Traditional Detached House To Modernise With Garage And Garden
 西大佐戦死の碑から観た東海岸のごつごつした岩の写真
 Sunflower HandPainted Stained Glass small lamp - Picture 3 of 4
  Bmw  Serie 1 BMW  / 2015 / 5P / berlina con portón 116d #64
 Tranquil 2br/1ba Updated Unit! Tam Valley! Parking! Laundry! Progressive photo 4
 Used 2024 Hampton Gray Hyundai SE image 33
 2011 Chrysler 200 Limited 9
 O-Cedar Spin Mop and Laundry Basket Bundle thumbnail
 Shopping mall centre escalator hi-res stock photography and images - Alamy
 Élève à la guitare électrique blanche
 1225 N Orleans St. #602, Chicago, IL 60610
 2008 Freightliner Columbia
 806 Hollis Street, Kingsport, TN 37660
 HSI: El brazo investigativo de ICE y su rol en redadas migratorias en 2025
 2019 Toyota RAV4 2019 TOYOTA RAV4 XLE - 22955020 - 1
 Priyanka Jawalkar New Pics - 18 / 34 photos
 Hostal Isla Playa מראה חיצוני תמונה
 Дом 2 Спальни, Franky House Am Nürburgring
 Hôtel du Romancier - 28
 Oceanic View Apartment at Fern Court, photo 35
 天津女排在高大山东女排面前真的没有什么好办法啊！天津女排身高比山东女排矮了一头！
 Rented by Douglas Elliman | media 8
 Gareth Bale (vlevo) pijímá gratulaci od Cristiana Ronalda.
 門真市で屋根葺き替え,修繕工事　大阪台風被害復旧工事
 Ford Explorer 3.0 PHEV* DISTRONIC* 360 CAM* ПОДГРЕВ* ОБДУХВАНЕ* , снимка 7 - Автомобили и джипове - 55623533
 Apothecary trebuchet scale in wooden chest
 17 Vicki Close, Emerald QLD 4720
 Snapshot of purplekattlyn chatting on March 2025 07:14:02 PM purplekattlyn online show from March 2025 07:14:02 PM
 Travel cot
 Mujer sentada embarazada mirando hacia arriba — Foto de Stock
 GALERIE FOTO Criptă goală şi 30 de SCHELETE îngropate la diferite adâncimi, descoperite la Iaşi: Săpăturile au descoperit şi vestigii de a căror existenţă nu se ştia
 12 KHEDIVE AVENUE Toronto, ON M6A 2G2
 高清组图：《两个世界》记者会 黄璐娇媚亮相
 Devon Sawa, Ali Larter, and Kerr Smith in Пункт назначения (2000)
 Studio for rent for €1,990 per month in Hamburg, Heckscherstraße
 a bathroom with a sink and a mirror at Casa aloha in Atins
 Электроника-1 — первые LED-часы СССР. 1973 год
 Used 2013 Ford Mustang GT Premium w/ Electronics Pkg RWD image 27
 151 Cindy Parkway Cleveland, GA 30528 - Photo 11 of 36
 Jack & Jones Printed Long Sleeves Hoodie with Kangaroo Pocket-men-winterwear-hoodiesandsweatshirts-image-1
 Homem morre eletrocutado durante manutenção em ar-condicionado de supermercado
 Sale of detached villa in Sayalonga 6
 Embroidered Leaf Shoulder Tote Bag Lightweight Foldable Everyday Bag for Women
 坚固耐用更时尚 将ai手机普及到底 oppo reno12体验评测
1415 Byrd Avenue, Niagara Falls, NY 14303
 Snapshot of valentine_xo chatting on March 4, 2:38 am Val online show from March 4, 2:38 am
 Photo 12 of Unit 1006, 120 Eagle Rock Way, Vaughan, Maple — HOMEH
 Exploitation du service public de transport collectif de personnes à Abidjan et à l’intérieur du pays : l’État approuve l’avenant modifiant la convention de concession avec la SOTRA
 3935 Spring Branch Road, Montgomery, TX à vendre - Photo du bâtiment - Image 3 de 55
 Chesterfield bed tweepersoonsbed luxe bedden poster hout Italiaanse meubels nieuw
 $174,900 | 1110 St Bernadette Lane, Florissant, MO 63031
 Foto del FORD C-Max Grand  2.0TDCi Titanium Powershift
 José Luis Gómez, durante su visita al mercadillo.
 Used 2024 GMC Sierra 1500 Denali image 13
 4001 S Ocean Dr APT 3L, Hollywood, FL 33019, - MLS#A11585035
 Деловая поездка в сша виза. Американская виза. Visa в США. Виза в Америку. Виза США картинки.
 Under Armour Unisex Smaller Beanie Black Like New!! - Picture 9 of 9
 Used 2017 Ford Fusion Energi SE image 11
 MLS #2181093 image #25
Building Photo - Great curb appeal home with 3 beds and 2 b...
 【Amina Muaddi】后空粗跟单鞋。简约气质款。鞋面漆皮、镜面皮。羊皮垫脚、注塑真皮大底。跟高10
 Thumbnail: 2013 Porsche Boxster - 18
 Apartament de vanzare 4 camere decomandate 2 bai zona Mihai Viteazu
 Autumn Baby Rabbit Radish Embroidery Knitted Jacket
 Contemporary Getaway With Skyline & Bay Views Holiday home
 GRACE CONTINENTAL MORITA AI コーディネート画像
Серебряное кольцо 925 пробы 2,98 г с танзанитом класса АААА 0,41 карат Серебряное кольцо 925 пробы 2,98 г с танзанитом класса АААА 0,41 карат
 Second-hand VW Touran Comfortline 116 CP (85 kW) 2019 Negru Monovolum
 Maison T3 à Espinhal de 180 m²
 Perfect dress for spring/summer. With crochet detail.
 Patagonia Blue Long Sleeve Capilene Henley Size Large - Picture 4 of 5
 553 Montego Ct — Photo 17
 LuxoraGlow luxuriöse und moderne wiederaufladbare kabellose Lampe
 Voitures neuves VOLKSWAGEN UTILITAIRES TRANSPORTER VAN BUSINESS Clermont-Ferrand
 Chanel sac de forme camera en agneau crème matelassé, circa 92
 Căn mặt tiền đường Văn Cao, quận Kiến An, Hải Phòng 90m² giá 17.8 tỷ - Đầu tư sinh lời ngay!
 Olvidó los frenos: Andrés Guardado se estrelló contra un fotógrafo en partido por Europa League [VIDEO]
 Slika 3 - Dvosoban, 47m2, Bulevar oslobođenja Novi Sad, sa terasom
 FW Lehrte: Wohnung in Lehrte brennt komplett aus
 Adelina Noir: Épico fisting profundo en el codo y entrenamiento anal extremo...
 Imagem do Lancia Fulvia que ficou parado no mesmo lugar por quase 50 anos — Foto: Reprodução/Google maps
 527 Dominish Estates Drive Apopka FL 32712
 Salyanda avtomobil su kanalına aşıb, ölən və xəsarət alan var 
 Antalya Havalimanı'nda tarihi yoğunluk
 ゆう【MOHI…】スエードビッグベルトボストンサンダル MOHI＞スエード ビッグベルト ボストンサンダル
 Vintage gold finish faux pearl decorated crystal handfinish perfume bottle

[WORK ORDER]
Word for word, return the entire set of entries.

[SOLUTION TO THIS EXERCISE]
Traditional Detached House To Modernise With Garage And Garden
 西大佐戦死の碑から観た東海岸のごつごつした岩の写真
 Sunflower HandPainted Stained Glass small lamp - Picture 3 of 4
  Bmw  Serie 1 BMW  / 2015 / 5P / berlina con portón 116d #64
 Tranquil 2br/1ba Updated Unit! Tam Valley! Parking! Laundry! Progressive photo 4
 Used 2024 Hampton Gray Hyundai SE image 33
 2011 Chrysler 200 Limited 9
 O-Cedar Spin Mop and Laundry Basket Bundle thumbnail
 Shopping mall centre escalator hi-res stock photography and images - Alamy
 Élève à la guitare électrique blanche
 1225 N Orleans St. #602, Chicago, IL 60610
 2008 Freightliner Columbia
 806 Hollis Street, Kingsport, TN 37660
 HSI: El brazo investigativo de ICE y su rol en redadas migratorias en 2025
 2019 Toyota RAV4 2019 TOYOTA RAV4 XLE - 22955020 - 1
 Priyanka Jawalkar New Pics - 18 / 34 photos
 Hostal Isla Playa מראה חיצוני תמונה
 Дом 2 Спальни, Franky House Am Nürburgring
 Hôtel du Romancier - 28
 Oceanic View Apartment at Fern Court, photo 35
 天津女排在高大山东女排面前真的没有什么好办法啊！天津女排身高比山东女排矮了一头！
 Rented by Douglas Elliman | media 8
 Gareth Bale (vlevo) pijímá gratulaci od Cristiana Ronalda.
 門真市で屋根葺き替え,修繕工事　大阪台風被害復旧工事
 Ford Explorer 3.0 PHEV* DISTRONIC* 360 CAM* ПОДГРЕВ* ОБДУХВАНЕ* , снимка 7 - Автомобили и джипове - 55623533
 Apothecary trebuchet scale in wooden chest
 17 Vicki Close, Emerald QLD 4720
 Snapshot of purplekattlyn chatting on March 2025 07:14:02 PM purplekattlyn online show from March 2025 07:14:02 PM
 Travel cot
 Mujer sentada embarazada mirando hacia arriba — Foto de Stock
 GALERIE FOTO Criptă goală şi 30 de SCHELETE îngropate la diferite adâncimi, descoperite la Iaşi: Săpăturile au descoperit şi vestigii de a căror existenţă nu se ştia
 12 KHEDIVE AVENUE Toronto, ON M6A 2G2
 高清组图：《两个世界》记者会 黄璐娇媚亮相
 Devon Sawa, Ali Larter, and Kerr Smith in Пункт назначения (2000)
 Studio for rent for €1,990 per month in Hamburg, Heckscherstraße
 a bathroom with a sink and a mirror at Casa aloha in Atins
 Электроника-1 — первые LED-часы СССР. 1973 год
 Used 2013 Ford Mustang GT Premium w/ Electronics Pkg RWD image 27
 151 Cindy Parkway Cleveland, GA 30528 - Photo 11 of 36
 Jack & Jones Printed Long Sleeves Hoodie with Kangaroo Pocket-men-winterwear-hoodiesandsweatshirts-image-1
 Homem morre eletrocutado durante manutenção em ar-condicionado de supermercado
 Sale of detached villa in Sayalonga 6
 Embroidered Leaf Shoulder Tote Bag Lightweight Foldable Everyday Bag for Women
 坚固耐用更时尚 将ai手机普及到底 oppo reno12体验评测
1415 Byrd Avenue, Niagara Falls, NY 14303
 Snapshot of valentine_xo chatting on March 4, 2:38 am Val online show from March 4, 2:38 am
 Photo 12 of Unit 1006, 120 Eagle Rock Way, Vaughan, Maple — HOMEH
 Exploitation du service public de transport collectif de personnes à Abidjan et à l’intérieur du pays : l’État approuve l’avenant modifiant la convention de concession avec la SOTRA
 3935 Spring Branch Road, Montgomery, TX à vendre - Photo du bâtiment - Image 3 de 55
 Chesterfield bed tweepersoonsbed luxe bedden poster hout Italiaanse meubels nieuw
 $174,900 | 1110 St Bernadette Lane, Florissant, MO 63031
 Foto del FORD C-Max Grand  2.0TDCi Titanium Powershift
 José Luis Gómez, durante su visita al mercadillo.
 Used 2024 GMC Sierra 1500 Denali image 13
 4001 S Ocean Dr APT 3L, Hollywood, FL 33019, - MLS#A11585035
 Деловая поездка в сша виза. Американская виза. Visa в США. Виза в Америку. Виза США картинки.
 Under Armour Unisex Smaller Beanie Black Like New!! - Picture 9 of 9
 Used 2017 Ford Fusion Energi SE image 11
 MLS #2181093 image #25
Building Photo - Great curb appeal home with 3 beds and 2 b...
 【Amina Muaddi】后空粗跟单鞋。简约气质款。鞋面漆皮、镜面皮。羊皮垫脚、注塑真皮大底。跟高10
 Thumbnail: 2013 Porsche Boxster - 18
 Apartament de vanzare 4 camere decomandate 2 bai zona Mihai Viteazu
 Autumn Baby Rabbit Radish Embroidery Knitted Jacket
 Contemporary Getaway With Skyline & Bay Views Holiday home
 GRACE CONTINENTAL MORITA AI コーディネート画像
Серебряное кольцо 925 пробы 2,98 г с танзанитом класса АААА 0,41 карат Серебряное кольцо 925 пробы 2,98 г с танзанитом класса АААА 0,41 карат
 Second-hand VW Touran Comfortline 116 CP (85 kW) 2019 Negru Monovolum
 Maison T3 à Espinhal de 180 m²
 Perfect dress for spring/summer. With crochet detail.
 Patagonia Blue Long Sleeve Capilene Henley Size Large - Picture 4 of 5
 553 Montego Ct — Photo 17
 LuxoraGlow luxuriöse und moderne wiederaufladbare kabellose Lampe
 Voitures neuves VOLKSWAGEN UTILITAIRES TRANSPORTER VAN BUSINESS Clermont-Ferrand
 Chanel sac de forme camera en agneau crème matelassé, circa 92
 Căn mặt tiền đường Văn Cao, quận Kiến An, Hải Phòng 90m² giá 17.8 tỷ - Đầu tư sinh lời ngay!
 Olvidó los frenos: Andrés Guardado se estrelló contra un fotógrafo en partido por Europa League [VIDEO]
 Slika 3 - Dvosoban, 47m2, Bulevar oslobođenja Novi Sad, sa terasom
 FW Lehrte: Wohnung in Lehrte brennt komplett aus
 Adelina Noir: Épico fisting profundo en el codo y entrenamiento anal extremo...
 Imagem do Lancia Fulvia que ficou parado no mesmo lugar por quase 50 anos — Foto: Reprodução/Google maps
 527 Dominish Estates Drive Apopka FL 32712
 Salyanda avtomobil su kanalına aşıb, ölən və xəsarət alan var 
 Antalya Havalimanı'nda tarihi yoğunluk
 ゆう【MOHI…】スエードビッグベルトボストンサンダル MOHI＞スエード ビッグベルト ボストンサンダル
 Vintage gold finish faux pearl decorated crystal handfinish perfume bottle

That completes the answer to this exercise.